Motion of a charged particle in a magnetic field

[kihr]

Homework Statement

Two identical charged particles moving with the same speed enter a region of uniform magnetic field. If one of these enters normal to the field direction, and the other enters at an angle of 30 degrees with the field, what would be the ratio of their angular frequencies?

Homework Equations

Lorentz force on the charged particle = qvBsin(theta) where theta is the angle between v and B.
Centripetal force on the particle as it moves along a circular path = mv^2/r

The Attempt at a Solution

Equating the above two equations we get

v=qBr / msin(theta)

Therefore w(omega)=qB/msin(theta) (since v=rw)

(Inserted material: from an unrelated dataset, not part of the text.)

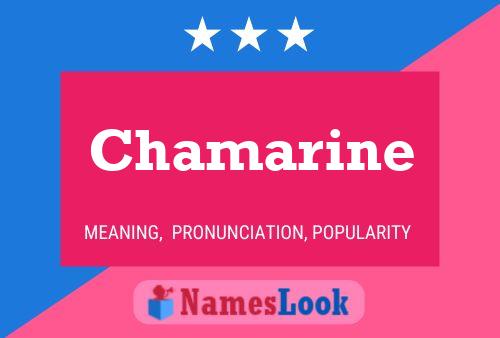 Chamarine Naam Poster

On the above basis the ratio of the angular frequencies is 1:2 (since theta is 90 deg. in one case, and 30 deg. in the other case).

Since the answer as quoted in books is 1:1, I am unable to find out where I have gone wrong. Would appreciate some tips in case my method is not correct. Thanks.

 

[ApexOfDE]

I don't think that you did wrong. Maybe there is typo in your book.

 

[buffordboy23]

You did make a mistake. You said the velocity of the particle is given by v*sin(theta), which is the component of the velocity perpendicular to the magnetic field B. This is the component of the velocity responsible for uniform circular motion in a magnetic field. However, you go on to say that v = rw, which is true in general, but for the current problem you must have the perpendicular velocity vsin(theta) = rw; the angular frequency is associated only with the component of velocity perpendicular to B.

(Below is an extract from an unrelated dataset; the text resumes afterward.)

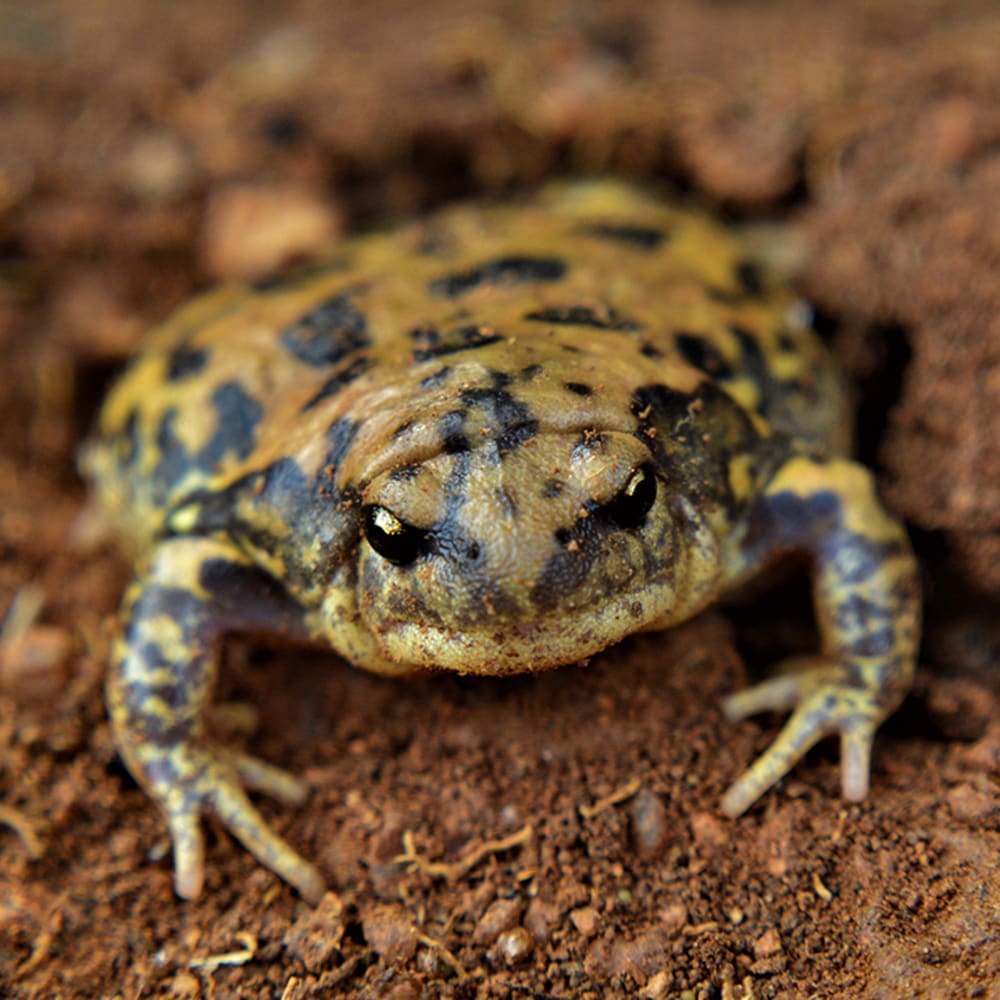 Microhabitats and Other Secrets of Life Under a Rock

The angular frequency is given by w = |q|B/m. The period T, frequency f, and angular frequency w, are independent of the speed of the particle, and hence, particles with the same charge-to-mass ratio have the same T, f, and w. They vary in their radii. Your book is correct.

 

[kihr]

I have factored in the component of v normal to B, i.e. vsin(theta) in the solution. When I wrote v=rw, I quoted the general formula. You could work it out the way you have suggested, and the answer would still be identical to what I have got. Thanks.

 

[buffordboy23]

Let's work it out and find out.

The centripetal force is equivalent to the magnetic force. So we have

$$F_{cent}=\frac{m\left(vsin\theta\right)^{2}}{r} = \left|q\right|\left(vsin\theta\right)B = F_{B}$$

where $$vsin\theta$$ is the component of velocity perpendicular to B. We can rewrite this as

$$vsin\theta= \frac{\left|q\right|rB}{m}$$

Now, in general $$v = \omega r$$. For this problem, it is only the component of velocity perpendicular to B that contributes to the angular frequency. If there is a component of velocity parallel to B, then the particle will have a helical trajectory. Taking these facts into account,

$$vsin\theta = \omega r$$

(this looks like where you made your mistake) and substitution into the previous equation gives the correct result:

$$\omega = \frac{\left|q\right|B}{m}$$

Hence, the angular frequency is independent of the particle's velocity. The ratio is 1:1 and your text is correct.

 

[kihr]

Many thanks for giving me the clue. I have now understood where I had gone wrong.